La construction de la musique de la langue est le titre de l’intervention d’Evelio Cabrejo Parra au colloque A.C.C.E.S. – Premières transmissions de la langue orale – Médiathèque Marguerite Duras, 11 octobre 2018
Le texte intégral de la conférence
Chez l’enfant, la compréhension de la langue est plus étendue que sa production.
Très tôt, l’enfant comprend les contenus implicites d’une phrase, les constructions grammaticales, la complexité de la langue. Aucune théorie n’explique jusqu’à présent l’appropriation de ces processus langagiers.

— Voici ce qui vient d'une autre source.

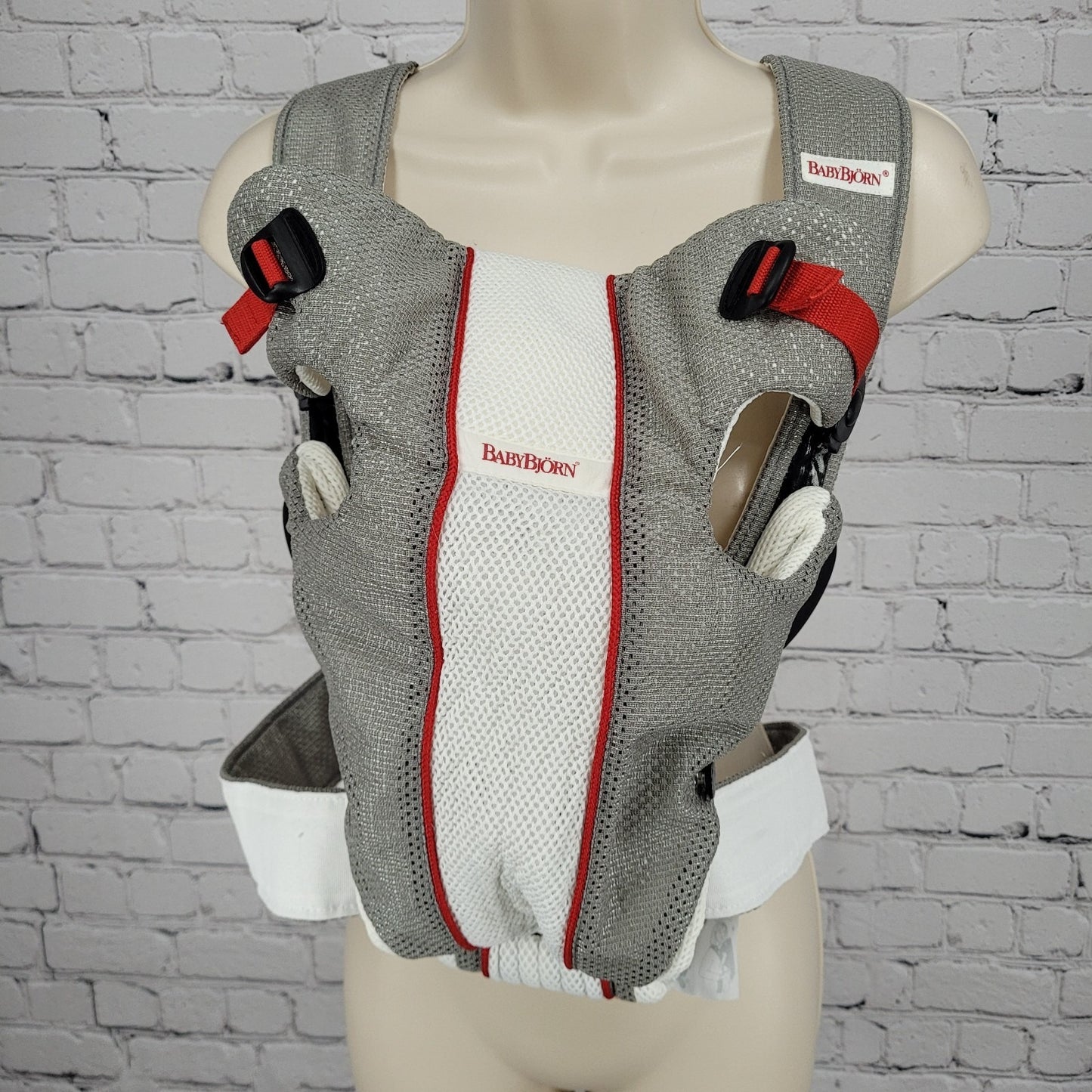 Baby Bjorn Grey White Mesh Adjustable Baby Infant Carrier 8-25lbs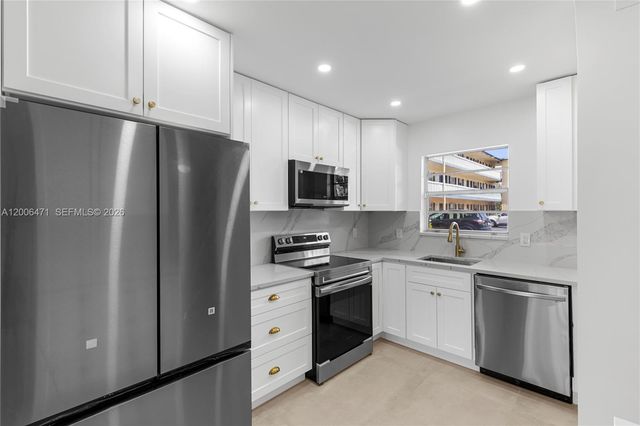 1400 NE 57th Ct 102, Fort Lauderdale, FL 33334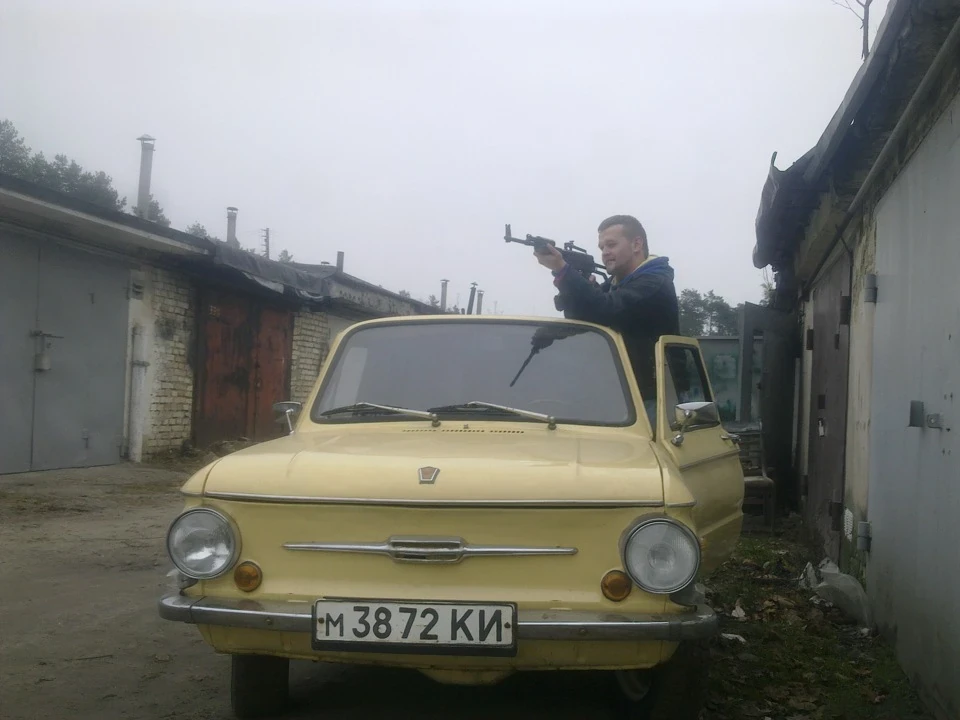 Кілька осінніх фоток з Дружком , калашем та мною))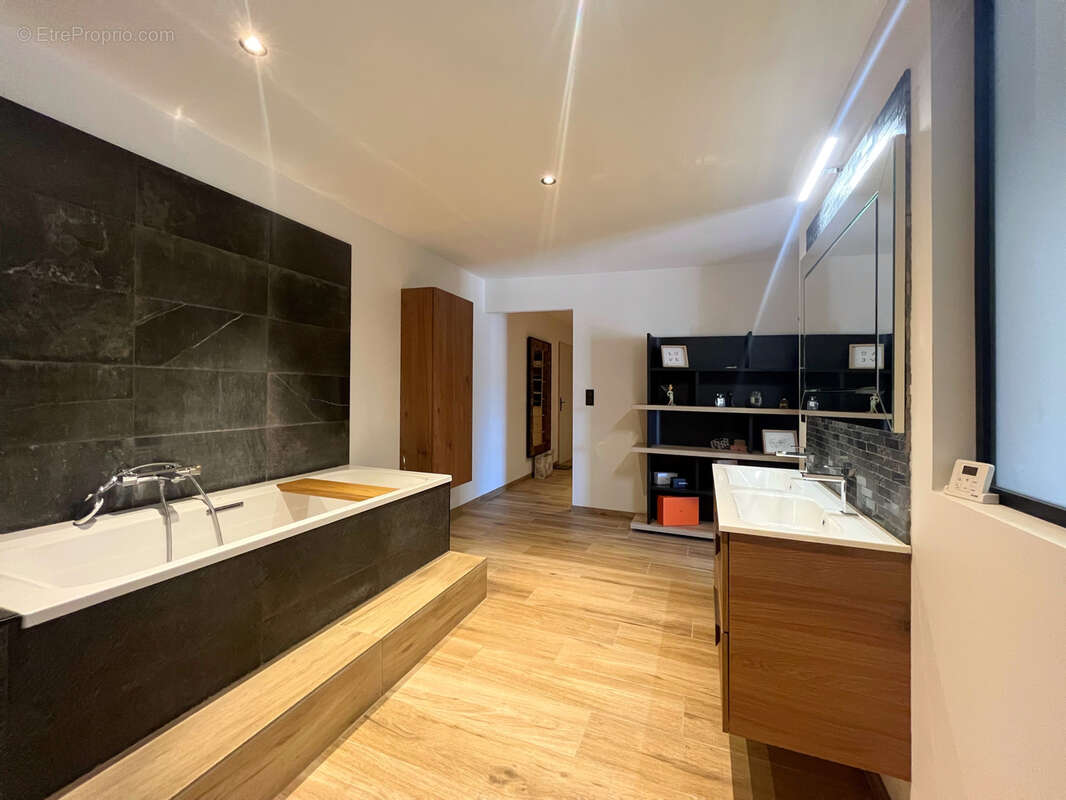 Maison à ECCICA-SUARELLA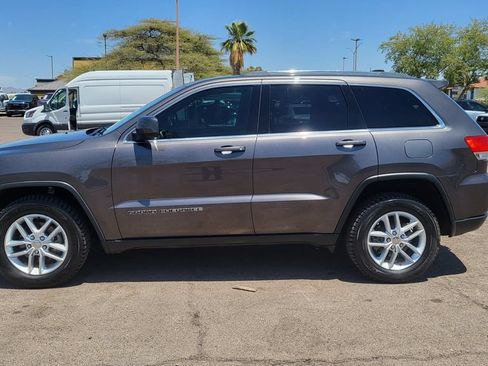 Used 2017 Jeep Grand Cherokee Laredo w/ Quick Order Package 23E AWD/4WD image 5
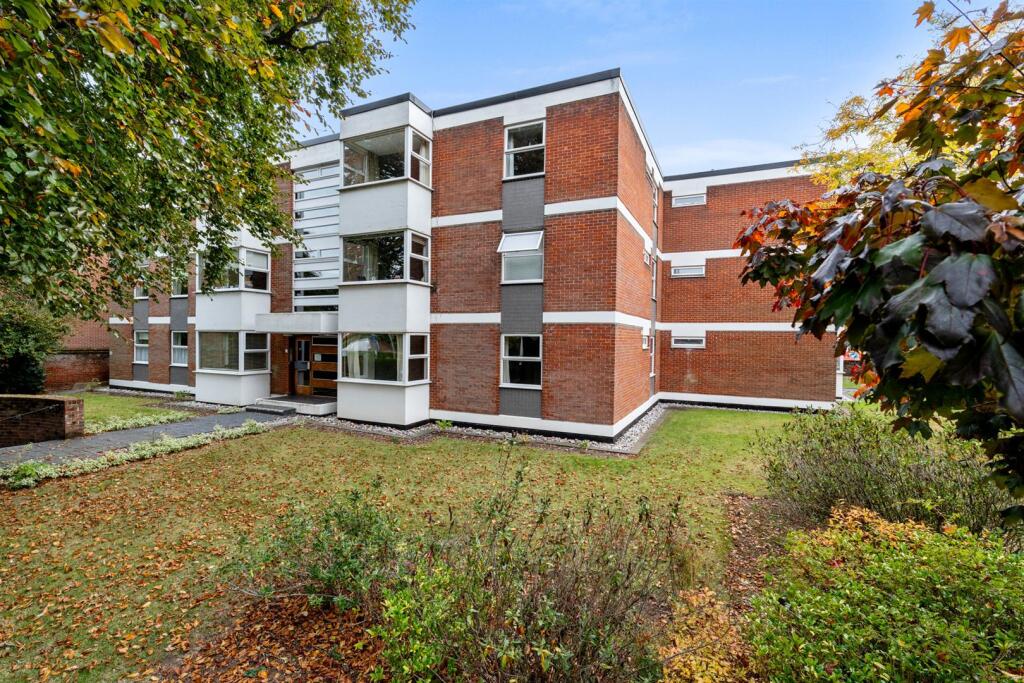 2FountainCourt-002.jpg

Evelio Cabrejo Parra a appris le français à l’âge adulte, et en arrivant en France il a constaté que les enfants étaient surpris par sa manière de le parler, il en a profité pour tester leur compétence vis-à-vis d’énoncés non acceptables. Il découvre que les enfants ont très tôt un savoir linguistique leur permettant un usage précis de la langue et qu’ils intériorisent les subtilités linguistiques sans passer par des moyens pédagogiques explicites. L’appropriation d’une langue est une capacité naturelle. Il est difficile d’empêcher un bébé sans difficultés neurologiques d’apprendre à parler, par contre tous les enfants ont besoin d’aide pédagogique pour apprendre à lire et à écrire.

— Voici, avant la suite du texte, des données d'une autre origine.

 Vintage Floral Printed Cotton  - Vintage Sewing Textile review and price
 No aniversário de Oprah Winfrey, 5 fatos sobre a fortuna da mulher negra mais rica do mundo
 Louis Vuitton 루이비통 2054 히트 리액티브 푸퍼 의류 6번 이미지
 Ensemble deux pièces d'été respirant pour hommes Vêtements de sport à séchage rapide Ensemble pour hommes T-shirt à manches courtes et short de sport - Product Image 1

Un élément fondamental de l’appropriation de la langue orale est la construction de la voix. Dans les langues que nous parlons aujourd’hui, on peut retrouver la trace d’une quantité de voix qui constituent le socle de l’histoire des langues orales. Le langage est tellement enraciné en nous du point de vue neurologique, psychique et culturel que l’on est encore loin de pouvoir définir en quoi consiste l’acquisition des processus langagiers.
L’opération fondamentale se situe au moment où le bébé est capable de penser que la personne avec laquelle il a créé des liens continue à exister même s’il ne la voit pas. La représentation de l’absence participe nettement au processus d’acquisition du langage avec des conséquences considérables. Mais la réalisation de cette opération implique que l’enfant a réussi a construire la représentation symbolique de l’autre à l’intérieur de lui même. En créant l’autre, le bébé se pose aussi en tant qu’existant. Le langage est un processus psychique de reconnaissance réciproque de sujet à sujet.

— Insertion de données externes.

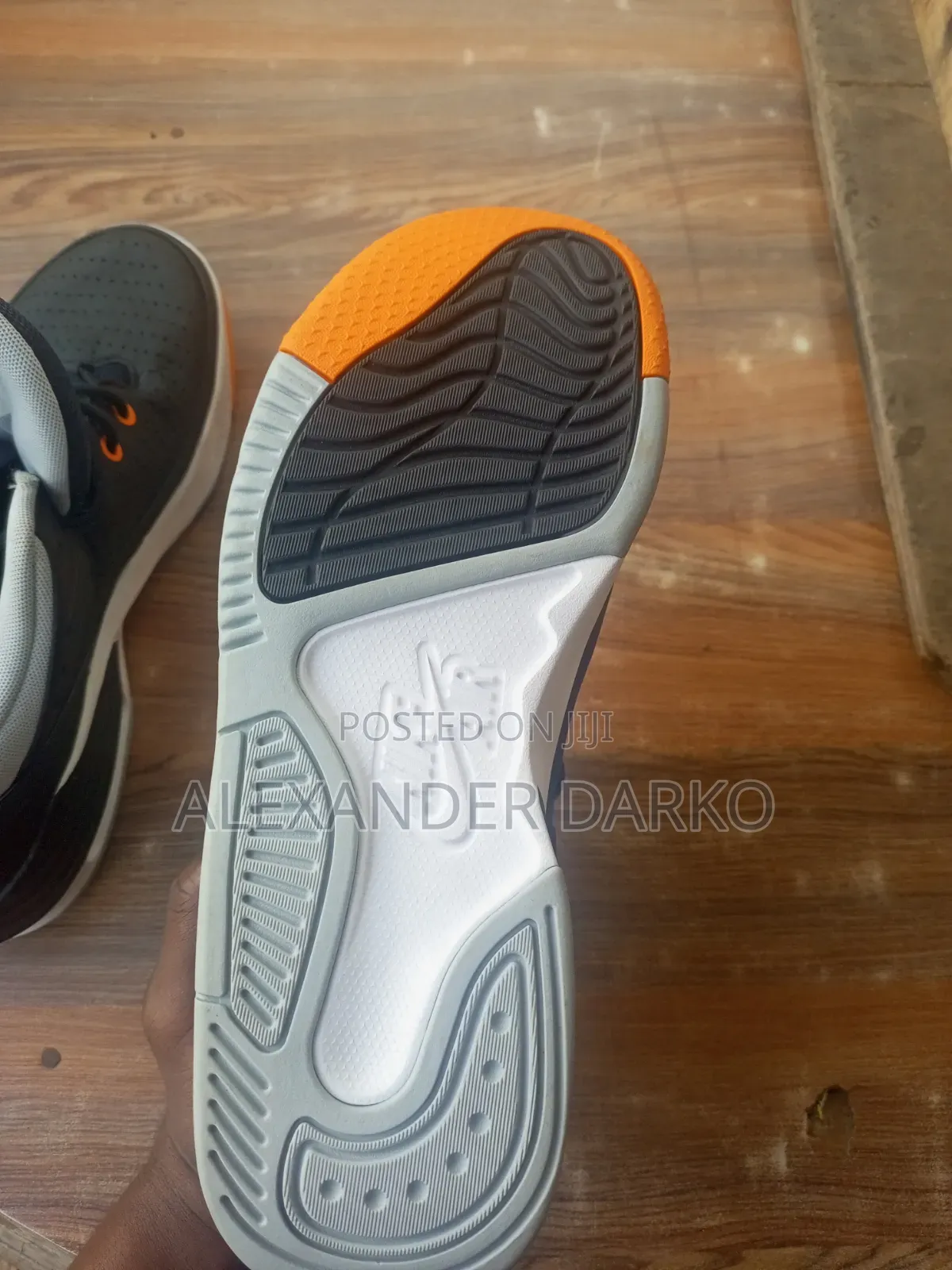 Nike Jordan Max Aura 5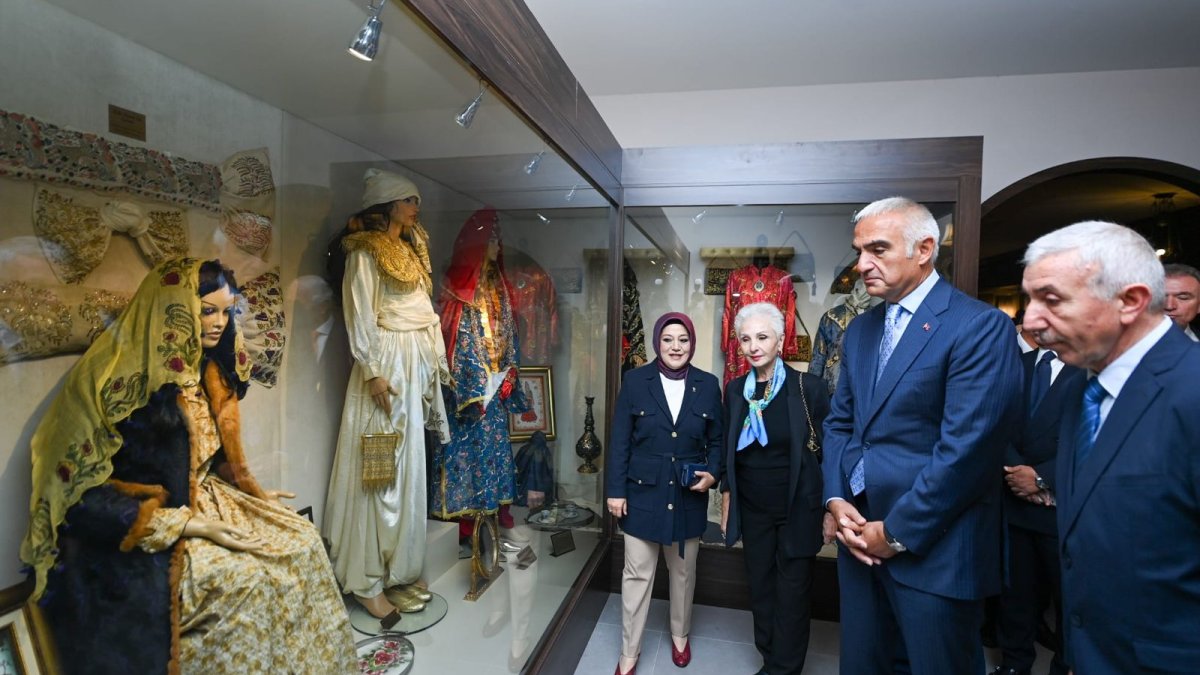 90 yıllık yolculukta yeni dönem: 62 Bin eserlik Kütahya Arkeoloji ve Maden Müzesi kapılarını açtı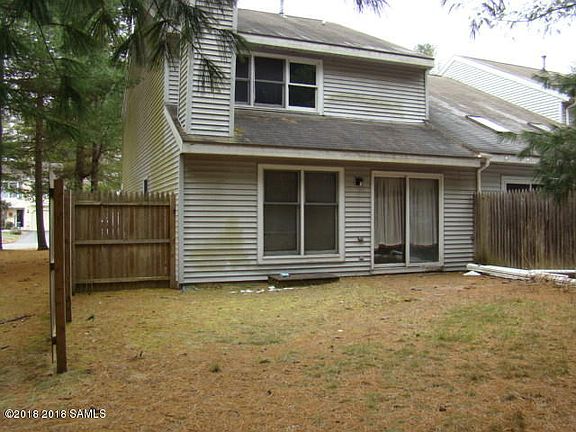 3rd image of 21 Old Mill Ln #21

Une fois que cela est posé chaque langue développe ses propres codes pour mettre en scène l’intersubjectivité. Certaines le font à travers des pronoms, d’autres à travers des particules comme le japonais et d’autres langues asiatiques. Parler c’est poser l’autre en se posant soi-même.
Evelio Cabrejo Parra illustre ensuite sa démonstration en étudiant l’album Dinosaures, dinosaures / Byron Barton – L’école des loisirs, 1990.
Parler avec l’enfant, l’écouter, reconnaître sa pensée, lui envoyer des échos de son activité mentale, c’est l’accompagner dans son devenir de sujet énonciateur. Il faut alimenter sans cesse ces compétences. La meilleure manière de le faire, c’est d’offrir la langue dans toute sa complexité, en particulier la langue du récit dont la musique est différente de celle de la langue de la vie quotidienne. Un conte est un « oral écrit ».